Il se résigna à lui dire ce qu'il voulait savoir, dans l'espoir de pouvoir enfin changer de sujet.

- J'exècre ces saletés de dragées parce qu'elles sont acides, trop sucrées, et collent aux dents ! Voilà ! Pesta-t-il. Satisfait ? Pouvons-nous enfin passer à autre chose maintenant ?

Le vieil homme se mit à rire dans sa barbe.

- Voyez-vous Severus... je pense exactement la même chose que vous...

- Que cette conversation ridicule n'a aucun intérêt ? répondit Rogue, cynique.

- Je pense moi aussi que ces bonbons sont acides et trop sucrés... Opina Dumbledore, ignorant la dernière réplique du grincheux.

- Dans ce cas, pourquoi vous gavez-vous de ces cochonneries à longueur de journées ? Non, oubliez ça, je m'en contre-fiche. Revenons à cette histoire de congé voulez-vous... Je veux savoir pourquoi vous m'avez envoyé Miss Granger.

- Mais justement, j'y viens mon cher Severus... Il y a, dans ces petits bonbons jaunes, quelque chose qu'on ne s'attend pas à percevoir... dit-il lentement. Il est vrai qu'au premier abord, l'acidité du citron agresse quelque peu nos papilles... beaucoup de gens n'aiment pas ça et seraient tentés de recracher le bonbon, rebutés par le désagréable picotement sur la langue. Rit-il. Ensuite vient ce goût sucré, probablement un peu trop, certes, mais outrageusement addictif... Et après que le sucre ait complètement fondu dans la bouche, il ne reste que le minuscule coeur du bonbon. Il n'est jamais comme on se l'imagine, il est surprenant et... fort agréable. Et dès lors qu'on a finalement pris goût à ses petits bonbons, on voudrait s'en délecter à longueur de temps, on ne peut plus s'en passer, comme si... comme si ces petites choses à première vue banales et innocentes devenaient soudain essentielles à notre bien-être...
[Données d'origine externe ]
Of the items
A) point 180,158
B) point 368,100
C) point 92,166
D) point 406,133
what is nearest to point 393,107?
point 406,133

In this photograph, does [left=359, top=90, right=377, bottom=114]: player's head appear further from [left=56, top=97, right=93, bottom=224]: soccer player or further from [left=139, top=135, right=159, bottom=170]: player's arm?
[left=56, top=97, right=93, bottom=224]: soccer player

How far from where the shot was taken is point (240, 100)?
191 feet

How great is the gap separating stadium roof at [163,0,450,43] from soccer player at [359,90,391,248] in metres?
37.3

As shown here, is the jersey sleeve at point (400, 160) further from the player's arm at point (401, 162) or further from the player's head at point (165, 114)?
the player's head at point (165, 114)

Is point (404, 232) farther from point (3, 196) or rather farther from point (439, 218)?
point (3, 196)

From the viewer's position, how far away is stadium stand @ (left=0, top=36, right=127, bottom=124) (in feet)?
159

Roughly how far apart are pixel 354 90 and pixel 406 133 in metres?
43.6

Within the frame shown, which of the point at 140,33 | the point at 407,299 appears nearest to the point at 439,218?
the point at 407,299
- Êtes-vous toujours en train de parler de bonbons Albus ? Ronchonna Rogue, incrédule. Où voulez-vous en venir avec vos métaphores fumeuses ?
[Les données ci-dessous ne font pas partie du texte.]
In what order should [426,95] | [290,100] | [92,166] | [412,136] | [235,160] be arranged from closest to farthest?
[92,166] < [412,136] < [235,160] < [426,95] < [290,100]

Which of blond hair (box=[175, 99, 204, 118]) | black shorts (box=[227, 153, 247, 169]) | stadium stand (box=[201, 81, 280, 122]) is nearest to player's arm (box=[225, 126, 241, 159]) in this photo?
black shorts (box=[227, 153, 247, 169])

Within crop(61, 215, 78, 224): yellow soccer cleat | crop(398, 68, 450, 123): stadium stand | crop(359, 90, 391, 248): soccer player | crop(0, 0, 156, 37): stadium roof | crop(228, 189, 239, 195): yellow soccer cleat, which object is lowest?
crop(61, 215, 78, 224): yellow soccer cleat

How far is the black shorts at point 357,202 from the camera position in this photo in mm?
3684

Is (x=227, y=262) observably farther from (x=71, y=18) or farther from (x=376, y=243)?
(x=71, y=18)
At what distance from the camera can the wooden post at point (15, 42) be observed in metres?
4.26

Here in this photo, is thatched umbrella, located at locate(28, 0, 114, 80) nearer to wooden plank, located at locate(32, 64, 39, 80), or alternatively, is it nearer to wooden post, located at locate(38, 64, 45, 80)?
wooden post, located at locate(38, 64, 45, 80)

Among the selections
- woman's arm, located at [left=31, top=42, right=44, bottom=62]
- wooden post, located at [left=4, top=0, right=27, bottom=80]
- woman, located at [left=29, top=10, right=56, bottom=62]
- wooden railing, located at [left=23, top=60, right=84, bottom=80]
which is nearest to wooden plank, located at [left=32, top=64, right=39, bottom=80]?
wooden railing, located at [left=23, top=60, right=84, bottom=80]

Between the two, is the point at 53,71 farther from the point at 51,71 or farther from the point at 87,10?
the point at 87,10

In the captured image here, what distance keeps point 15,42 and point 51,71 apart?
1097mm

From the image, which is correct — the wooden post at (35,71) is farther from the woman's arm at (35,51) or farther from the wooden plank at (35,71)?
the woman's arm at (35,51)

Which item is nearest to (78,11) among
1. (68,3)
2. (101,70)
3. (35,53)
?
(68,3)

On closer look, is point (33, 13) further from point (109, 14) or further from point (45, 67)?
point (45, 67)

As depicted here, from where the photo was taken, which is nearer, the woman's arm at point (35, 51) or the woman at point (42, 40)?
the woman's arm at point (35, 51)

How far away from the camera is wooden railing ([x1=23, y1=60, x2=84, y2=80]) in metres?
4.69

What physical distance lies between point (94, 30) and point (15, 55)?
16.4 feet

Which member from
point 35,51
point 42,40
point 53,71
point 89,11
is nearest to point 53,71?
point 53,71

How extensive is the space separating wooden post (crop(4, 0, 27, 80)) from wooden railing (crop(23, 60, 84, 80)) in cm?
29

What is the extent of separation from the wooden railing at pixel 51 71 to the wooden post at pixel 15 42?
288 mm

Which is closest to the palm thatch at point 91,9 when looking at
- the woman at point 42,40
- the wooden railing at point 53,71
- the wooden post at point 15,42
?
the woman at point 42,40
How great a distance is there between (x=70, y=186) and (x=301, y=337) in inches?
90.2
- Oh je suis un vieil homme, et il m'arrive parfois de divaguer... marmonna Dumbledore, posant son regard malicieux sur son ami.
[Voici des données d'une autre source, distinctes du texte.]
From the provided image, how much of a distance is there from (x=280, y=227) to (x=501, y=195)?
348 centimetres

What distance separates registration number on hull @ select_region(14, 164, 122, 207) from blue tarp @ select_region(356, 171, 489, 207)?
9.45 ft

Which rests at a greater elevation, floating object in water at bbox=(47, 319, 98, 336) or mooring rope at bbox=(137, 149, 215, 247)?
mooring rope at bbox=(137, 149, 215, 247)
- Vous ne me ferez pas avaler vos couleuvres Albus, pas cette fois !S'énerva le professeur de potions qui avait, encore une fois, l'horrible sensation que directeur le prenait pour le dindon de la farce.

- Rien ne sert de s'énerver Severus... Je voulais simplement vous faire comprendre qu'une simple friandise peut parfois nous faire voir les choses sous un tout nouveau jour, et que ce n'est pas forcément une mauvaise chose au final...

- Ça suffit, j'en ai assez entendu... grogna-t-il en se levant de sa chaise. Faites-moi savoir quand vous aurez autre chose à me servir que ces sornettes !

- Comme vous voudrez Severus... sourit le directeur. Vous semblez encore à fleur de peau, prenez donc une nouvelle journée de repos. Déclara-t-il sur un ton qui ne laissait aucune place à la négociation. Profitez-en bien mon ami...

Ce dernier lui jeta un regard exaspéré et quitta le bureau fastueux du directeur pour regagner en toute hâte son humble et modeste appartement de fonction dans les cachots.